Democratic civil war hits new heights
Democrats engaged in a verbal war on Thursday, with progressives and centrists accusing one another of essentially sabotaging President Biden’s agenda and putting the party’s majorities in jeopardy.
The two factions have been growing more and more mutually irritated by the day amid a stalemate over the bipartisan infrastructure bill passed by the Senate and a larger, sweeping social spending measure now being crafted.
But as lawmakers wondered whether they would be voting on an infrastructure bill that progressives have vowed to tank unless the budget bill moves first, the gloves really came off.
Rep. Steve Cohen (D-Tenn.) in a CNN interview dismissed younger liberal lawmakers as newbies who don’t understand how Washington works.
“They haven’t been legislators, most of them, for a very long period of time, and a lot of them have been activists,” he said.
“My car is older than quite a few of the progressives,” Cohen added, criticizing the left flank for not compromising.
In the House, anger was mounting against Sens. Joe Manchin (D-W.Va.) and Kyrsten Sinema (D-Ariz.), two moderates who have refused to sign off on a $3.5 trillion price tag on the larger spending bill. Manchin on Thursday said he could only go as high as $1.5 trillion.
Rep. Alexandria Ocasio-Cortez (D-N.Y.) accused Senate centrists of dismissing the policy concerns of progressives, and of not treating them as equal members.
She laughed when asked by a reporter if a $1.5 trillion budget plan goes far enough to address the country’s problems.
“For one year?” the New York progressive asked rhetorically.
“Instead of them asking everyone to cater to themselves, why don’t we come to this process as equal partners?” she said.
She noted that the infrastructure bill was written by the Senate without House input, a demand also made publicly on Thursday by Rep. Pramila Jayapal (D-Wash.), the leader of the Congressional Progressive Caucus.
“Right now they are demanding also a vote on an infrastructure bill that they have authored demanding that the House not conference it, demanding that every House member rubber stamp it with no House amendments,” Ocasio-Cortez said.
“That essentially their bill, authored as is, go straight to the president’s desk without any amendments, they have no top line number for negotiations. I mean, we need to be serious,” she added.
Rep. Cori Bush (D-Mo.), also speaking to CNN, said she did not believe members like Manchin and Sinema cared about her community in St. Louis.
And frustrations were also not hard to spot outside the circles of Congress.
As Manchin spoke to reporters outside the Capitol, a chant among left-wing activists of “Joe Manchin is a traitor” broke out.
A number of Democrats did try to take the temperature down, including Jayapal and Speaker Nancy Pelosi (D-Calif.) who repeatedly this week has sought to downplay intraparty tensions.

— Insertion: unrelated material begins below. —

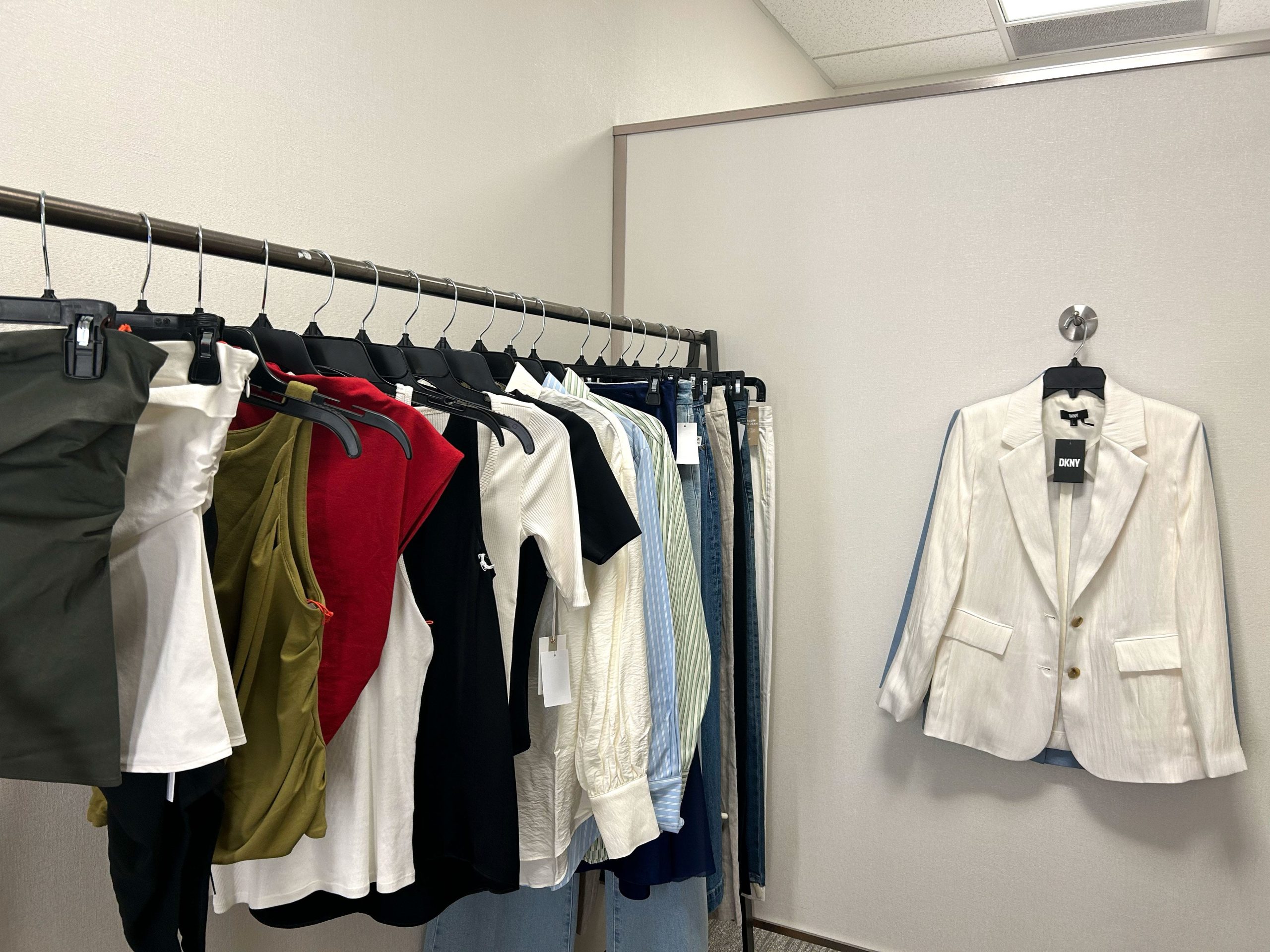 A rack of clothing and a cream DKNY blazer hanging on a hook on the wall.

Rep. Rashida Tlaib (D-Mich.), who is known for having a sharp tone on Twitter and who earlier this week said voting on the infrastructure bill alone would represent a “betrayal,” said Cohen’s words were unfortunate but did not go on the attack.
“This is not what makes it better,” Tlaib told The Hill when asked about the remarks.
“I don’t like responding to comments like that,” Tlaib said. “I’m really here to tell the human stories of my residents.”
But others were more than willing to engage with the critique.
“Many people are misinformed,” said Rep. Jamaal Bowman (D-N.Y.) in a brief interview after he addressed dozens of grassroots activists. “Or maybe they misunderstood the progressive movement.”
“The thing about the progressive movement is we’re challenging how Washington historically has worked,” he added. “We’re pushing back and saying ‘hell no.’ ”
Moderate Rep. Henry Cuellar (D-Texas), a member of the Problem Solvers Caucus, accused progressives of being too skeptical of centrists. And in truth, many progressives believe it is important for the social spending bill to move through the House and Senate ahead of the infrastructure bill because they do not trust centrists to back the larger bill without the leverage of infrastructure.
“I think progressives don’t trust moderates,” Cuellar told The Hill. “I was here in 2010 where they said go big, go bold,” he added, referencing how Democrats lost the House after passing former President Obama’s health care law.
“We have to have 50 votes in the Senate. Not only Bernie Sanders. Not only Elizabeth Warren,” Cuellar said.